One of the more prevalent topics in the Python ecosystem of 2019 was that of packaging and distribution. As the year comes to an end, I wanted to put together a summary of the many paths we currently have available to distribute apps built with Python. Though some of these also apply to any language.
Whether delivering an executable, a virtual environment, your packaged code, or a full application, the following list includes both standard systems and some up-and-comers to keep in mind as we enter 2020.
To distribute an application, you need more than just a library to pip-install from PyPI. You require a fool-proof way of installing it and its dependencies in all supported operating systems. These dependencies can include other non-Python packages as well as external resources like binaries or images.
Below are some options to help install and distribute code across platforms.
Docker uses base functionality in an operating system to isolate a process in such a way that it’s unaware of the rest of the system. It can run the kernel process of a different OS inside your host, much like virtualization, but without using the virtual hardware.

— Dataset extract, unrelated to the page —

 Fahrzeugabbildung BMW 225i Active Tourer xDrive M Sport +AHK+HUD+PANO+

Its file system is layered, giving it a minimal footprint that only incorporates the files needed to run, instead of the typical virtual disk that also includes the free space in a virtual machine along with it.

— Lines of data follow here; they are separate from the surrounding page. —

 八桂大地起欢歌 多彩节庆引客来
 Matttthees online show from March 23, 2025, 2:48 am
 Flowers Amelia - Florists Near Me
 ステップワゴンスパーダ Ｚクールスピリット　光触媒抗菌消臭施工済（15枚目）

With a minimally packaged root file system, it’s not uncommon to see the image for an entire OS only occupy tens of MB, instead of the GB needed for a virtual machine.

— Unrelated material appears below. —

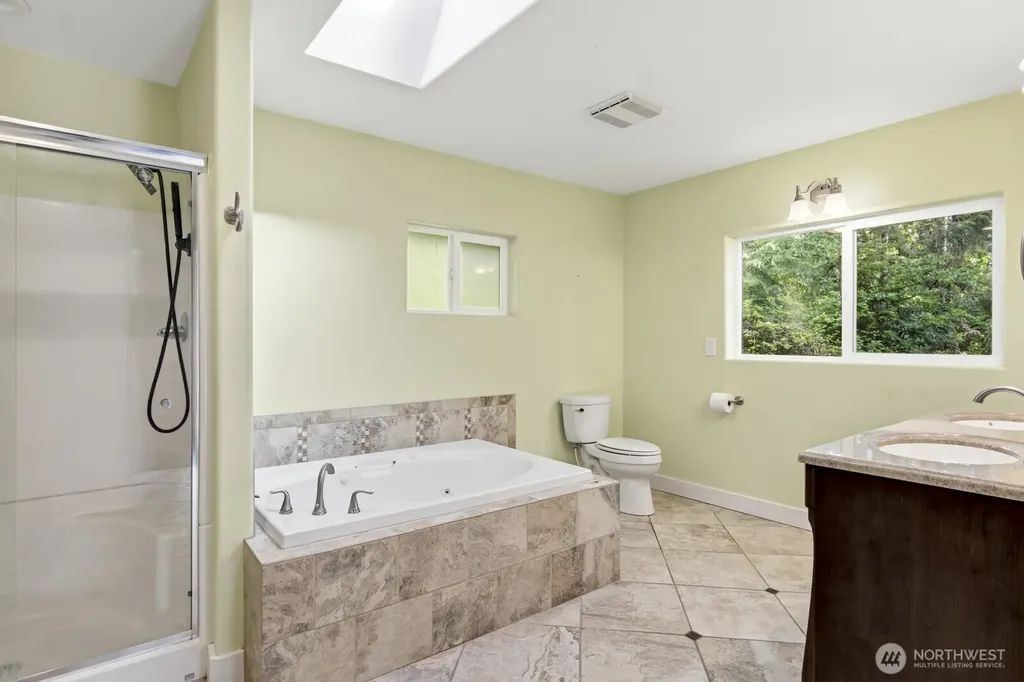 871 NE Larson Boulevard Belfair WA 98528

You can distribute these containers in a public registry like DockerHub or a private one inside your org. Users install the Docker daemon on their own compute, then use it to pull your image and run it locally.
Since Docker images are nothing more than a root file system, it’s also possible to distribute them as a file, using Docker to import it.
To build an image, you can start from a rootfs, or add on top of an existing registry image. Most operating system vendors maintain official stripped-down images in DockerHub, which are usually tiny.
Other organizations also make official images for new builds of their applications, like the Python image built on top of Debian. Postgress, MySQL, Redis, Nginx, and many other standard services do the same.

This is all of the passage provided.